The owners of Easywash Inc. plan to swiftly replace the failed car wash with a new company that’s indistinguishable from the old one, minus its crushing debts. Meanwhile 89 private investors, who put $2.3 million into the original company, lose everything.
Easywash opened in September 2006 at 1501 Main Street in North Vancouver and has recently been a media darling thanks to fluffy coverage of its environmentally friendly technology and automated dog washer (GlobalTV, CTV and CBC TV ran stories, and the Vancouver Sun posted a video on its website in addition to running a print article).
The company never recovered from massive construction debts and by the summer of 2007 found itself in a dire position. The owners were forced to file for bankruptcy on November 23, after Vancouver City Savings Credit Union (Vancity) called in its loan.
According to president Geoff Baker, who owns the company along with Laura Lee Normandeau, a new business entity called Easywash NV Inc. was established in November. It has the same address, equipment, business operation and management as the original Easywash and didn’t lose a day of business in the transition.
The original investors, meanwhile, are furious, wondering how the owners can continue without missing a beat while their investments are toast.

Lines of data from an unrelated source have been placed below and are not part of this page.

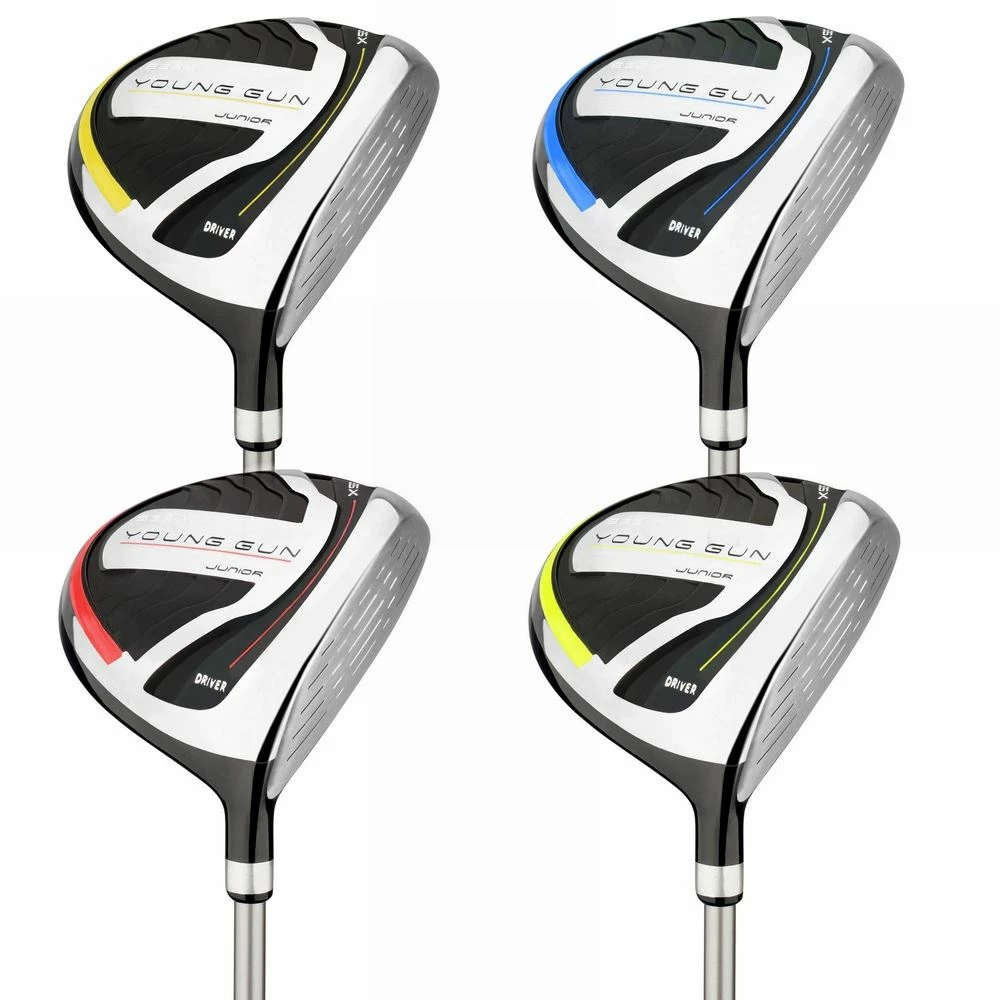 Young Gun SGS X Junior Kids Right Hand Golf Driver / 1 Wood 1 Young Gun SGS X Junior Kids Right Hand Golf Driver / 1 Wood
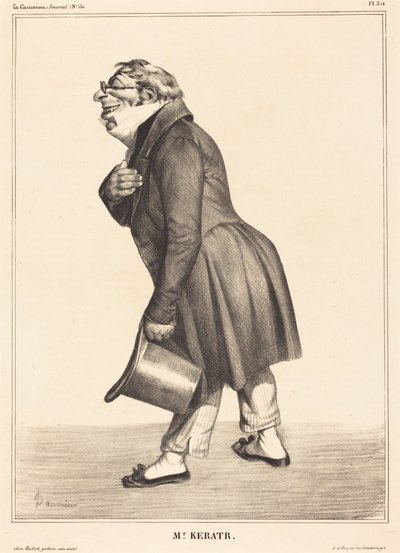  作： Honoré Daumier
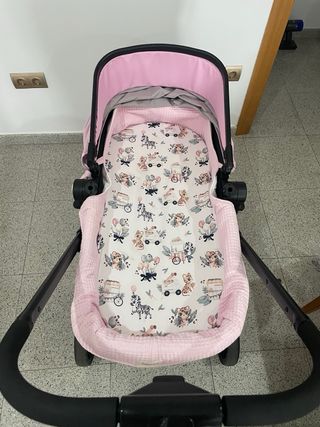 Carro Asalvo Dubai 2  3 en 1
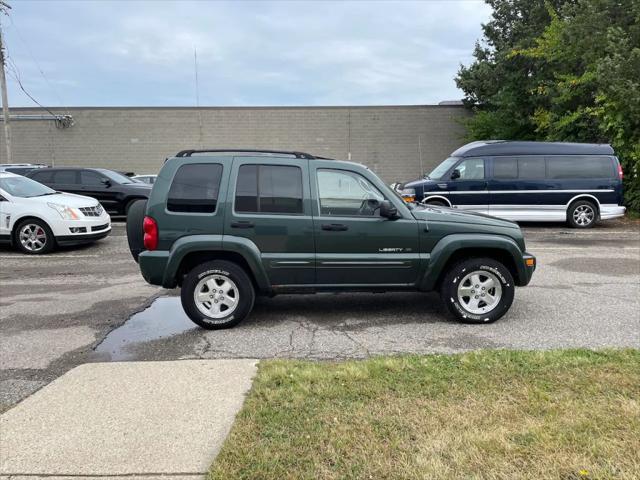 2003 Jeep Liberty Limited Edition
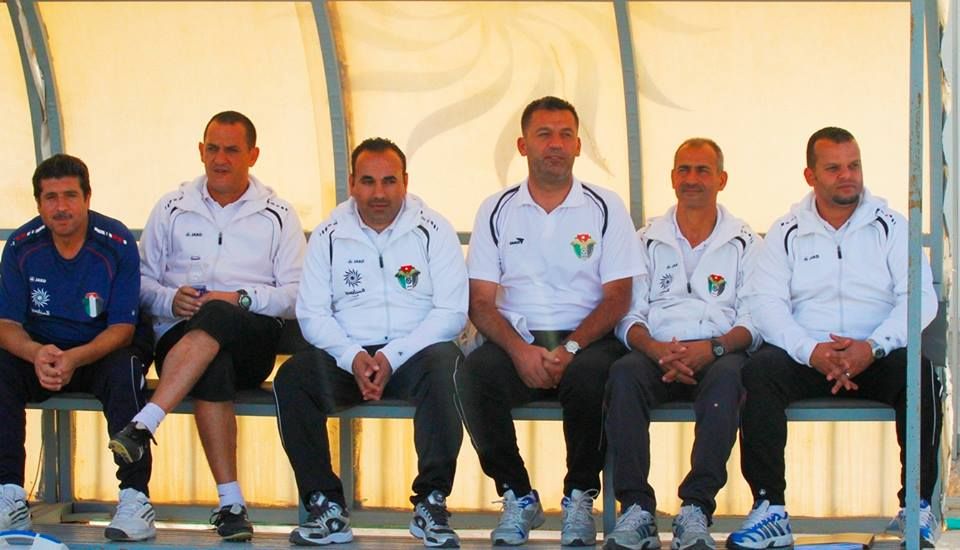 الجهاز الفني لمنتخب الأردن تحت 22 عاما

Baker made an attractive pitch in 2004 to build a car wash at a high-traffic location with sophisticated water-conservation technology, investors say. Baker, who once worked as a film-industry grip, has previously managed one other company, serving as CEO of Sweet Entertainment Group, a producer of hard-core pornography, where Normandeau worked as an account manager.

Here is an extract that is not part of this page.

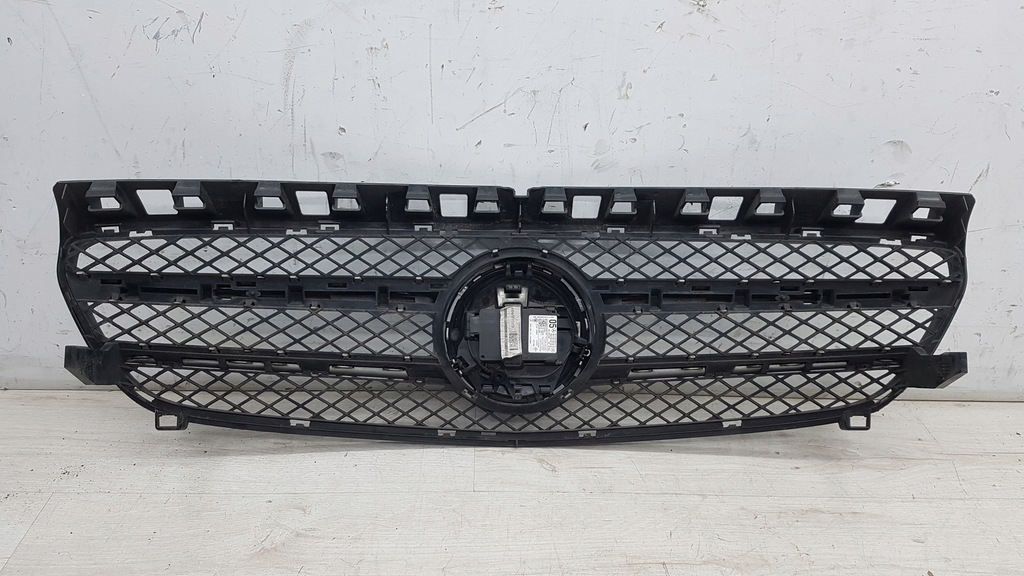 фото №5, Mercedes w176 a amg решётка радиатора решётка радиатора радар distronic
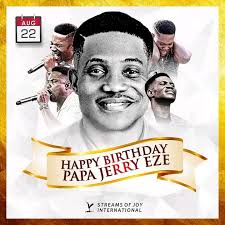 Everyone let's please take a moment to wish Mr. Jerry a very happy birthday  🎉🎈🎊🎁🎂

But Easywash’s rosy business picture didn’t last past construction. The planned $1.5-million build went nearly $800,000 over budget, Baker says. He took out loans to cover the cost overruns, which resulted in significant debts.

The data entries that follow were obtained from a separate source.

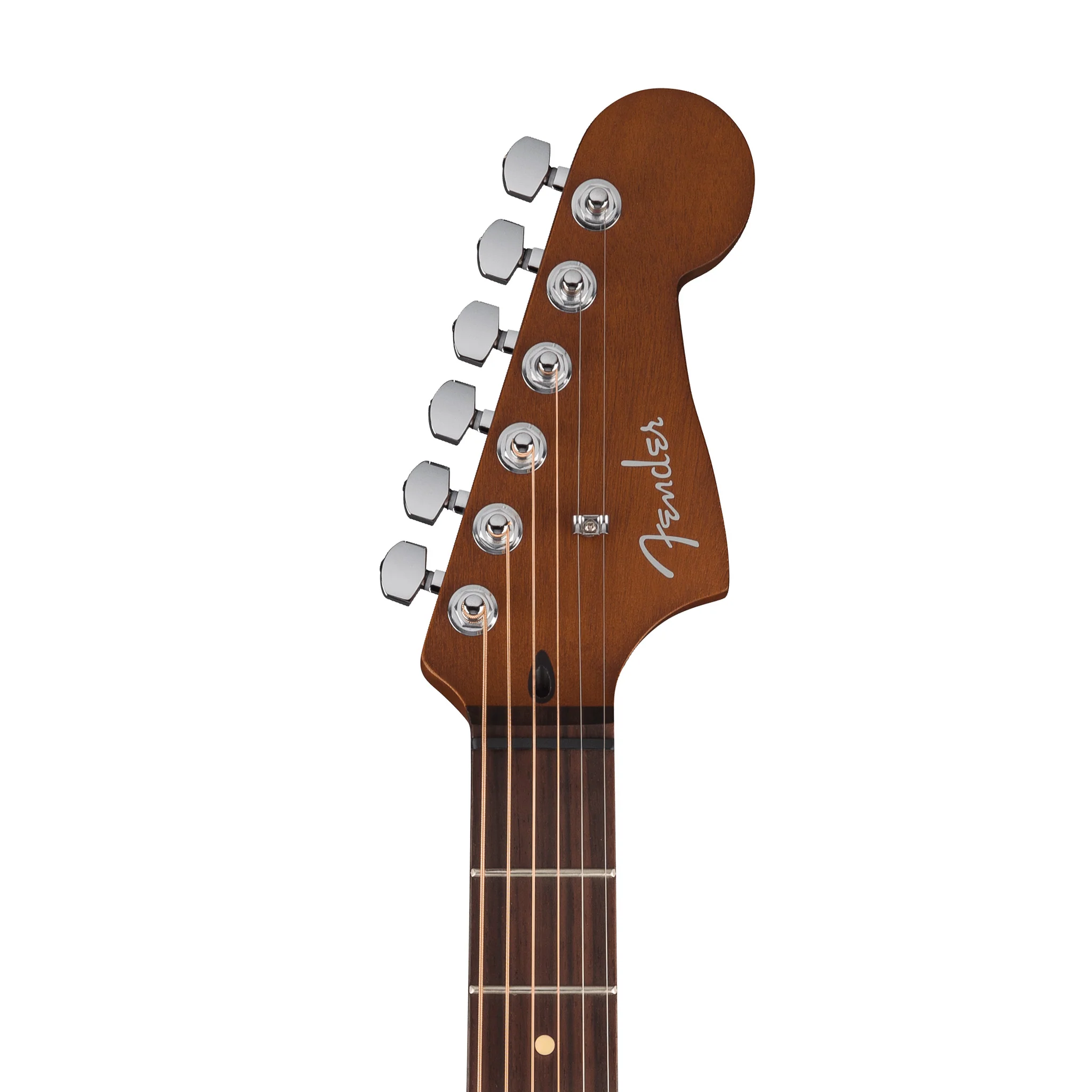 Fender Standard Acoustasonic Jazzmaster Guitar, RW FB, Honey Burst - Image 5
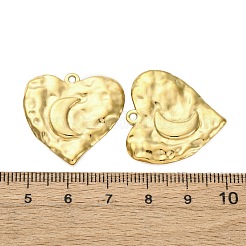 304 Stainless Steel Pendants&nbsp;STAS-Z142-18G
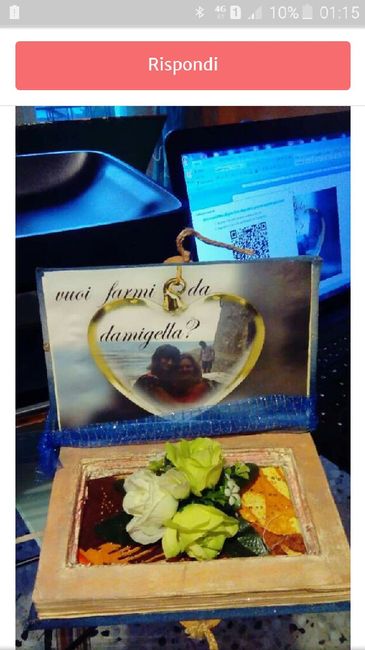 Idee originali per chiedere di essere la testimone! - 1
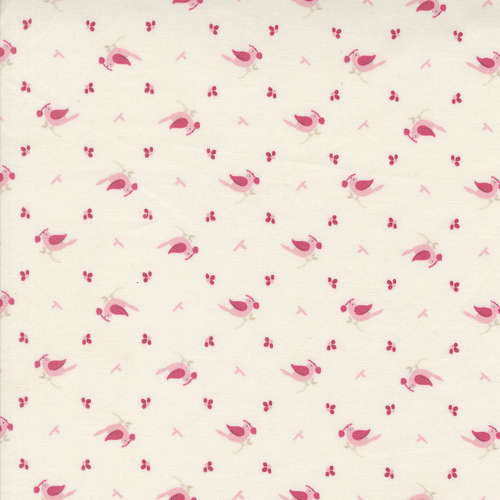 Hollyhocks Roses Jasmine Rose 3053 12 Early Bird Novelty Bird Quilting Fabric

Investors were unwilling to put up the $600,000 needed to pay the debts, and in September 2007 Vancity, a major backer, called in its loans and recommended bankruptcy, Baker says.
Baker then set out to raise money for a new company, one that would carry on Easywash’s business without the debt load. Baker says he has raised that money, including more than $500,000 from one of the original investors. He says the bankruptcy has done away with $1.68 million of debt.
This picture doesn’t sit well with Michael Parker, 65, a business consultant who invested into Easywash Inc. early on and who doesn’t expect to see his money again.
“I don’t know. Legally, and every other way, that just doesn’t seem right,” he says. “Morally, it certainly isn’t right.”
Parker was asked to do some consulting for the struggling start-up, he says, and decided to invest based on the strength of its business plan. “One thing that Geoff Baker is very good at is his promotion.”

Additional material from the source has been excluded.